In an informal sense, in Python we do things with stuff. “Things” take the form of operations like addition and concatenation, and “stuff” refers to the objects on which we perform those operations. In this article , my focus is on - where do these sit in hierarchy and some conceptual understanding of what these are, and once we understand this, we move to focusing on that stuff, and the things our programs can do with it, but
Somewhat more formally, in Python, data takes the form of objects—either built-in objects that Python provides, or objects a user creates using Python classes or external language tools such as C extension libraries.
Objects are essentially just pieces of memory, with values and sets of associated operations. Everything is an object in a Python script. Even simple numbers qualify, with values (e.g., 99), and supported operations (addition, subtraction, and so on).
let’s first establish a clear picture of how this "stuff" is organized in python. This would help you understand and start using some python jargon.
Python programs can be decomposed into modules, statements, expressions, and objects, as follows:
Programs are composed of modules.
Modules contain statements.
Statements contain expressions.
Expressions create and process objects.
Let me quickly explain some of the jargon in plain English-
Modules are simply text files containing Python statements. You can ask the Python interpreter to execute the statements in such a file any number of times, and in a variety of ways—by system command lines, by file icon clicks, by options in IDE of your choice like "jupyter notebooks" , and more. Regardless of how it is
run, Python executes all the code in a module file from top to bottom each time you run the file.
Terminology around this can vary somewhat. For instance, module files are often referred to as programs in Python—that is, a program is considered to be a series of precoded statements stored in a file for repeated execution. Module are also sometimes called scripts. All of them mean same.
A statement is an instruction that the Python interpreter can execute. example print and assignment. When you type a statement on the command line, Python executes it and displays the result, if there is one. The result of a print statement is a value. Assignment statements don't produce a result.
A script usually contains a sequence of statements. If there is more than one statement, the results appear one at a time as the statements execute.
An expression is a combination of values, variables, and operators. If you type an expression on the command line, the interpreter evaluates it and displays the result . Ex when you type 1+1 - python interpreter compiles the expression into byte code and sends it to a python virtual machine which throws back "2" as the response. I have written in detail about how python does it in my previous article.
Operators are special symbols that represent computations like addition and multiplication. The values the operator uses are called operands.
Now that we understand basic jargon, lets understand what types of objects are available in Python and what can we do with those objects.
Python provides powerful object types as an intrinsic part of the language, there’s usually no need to code object implementations before you start solving problems. In fact, unless you have a need for special processing that built-in types don’t provide, you’re almost always better off using a built-in object instead of implementing your own. Here are some of the most commonly used ones.
Above previews Python’s built-in object types and some of the syntax used to code their literals—that is, the expressions that generate these objects. By no means this is comprehensive , because everything we process in Python programs is a kind of object. For instance, when we perform text pattern matching in Python, we create pattern objects, and when we perform network scripting, we use socket objects.
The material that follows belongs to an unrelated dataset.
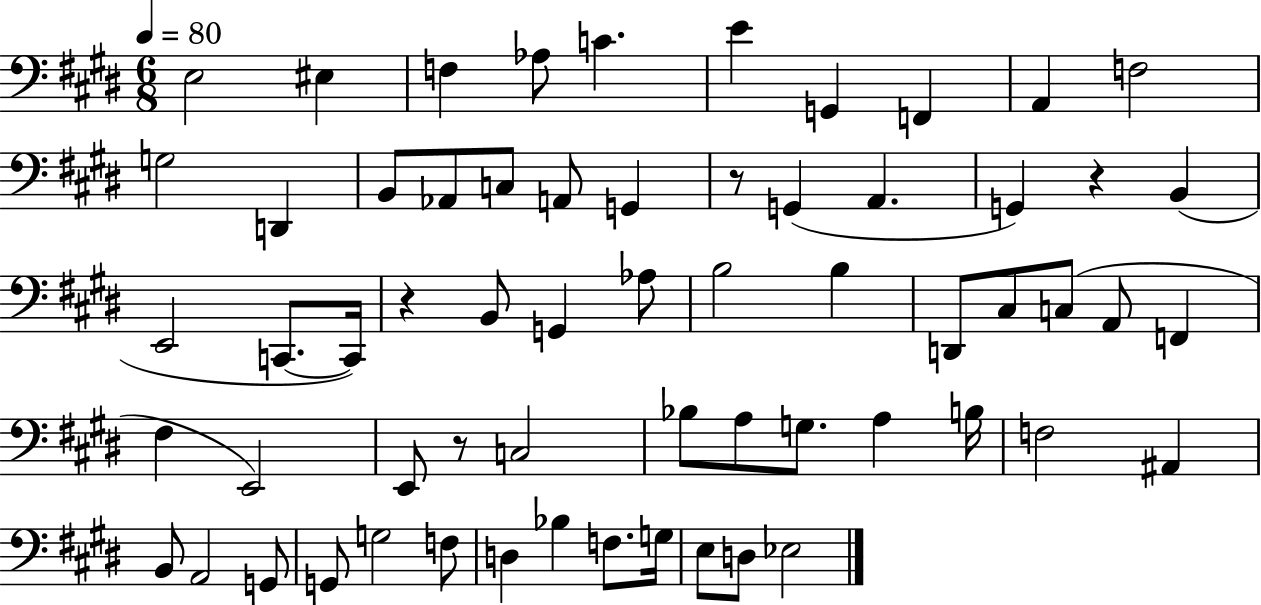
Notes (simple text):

E3/h EIS3/q F3/q Ab3/e C4/q. E4/q G2/q F2/q A2/q F3/h G3/h D2/q B2/e Ab2/e C3/e A2/e G2/q R/e G2/q A2/q. G2/q R/q B2/q E2/h C2/e. C2/s R/q B2/e G2/q Ab3/e B3/h B3/q D2/e C#3/e C3/e A2/e F2/q F#3/q E2/h E2/e R/e C3/h Bb3/e A3/e G3/e. A3/q B3/s F3/h A#2/q B2/e A2/h G2/e G2/e G3/h F3/e D3/q Bb3/q F3/e. G3/s E3/e D3/e Eb3/h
once you create an object, you bind its operation set for all time— you can perform only string operations on a string and list operations on a list. In formal terms, this means that Python is dynamically typed, a model that keeps track of types for you automatically instead of requiring declaration code, but it is also strongly typed,
a constraint that means you can perform on an object only operations that are valid for its type.
Now you should have some clarity on what python does and how it does some things. I would cover each of these built in objects in upcoming articles.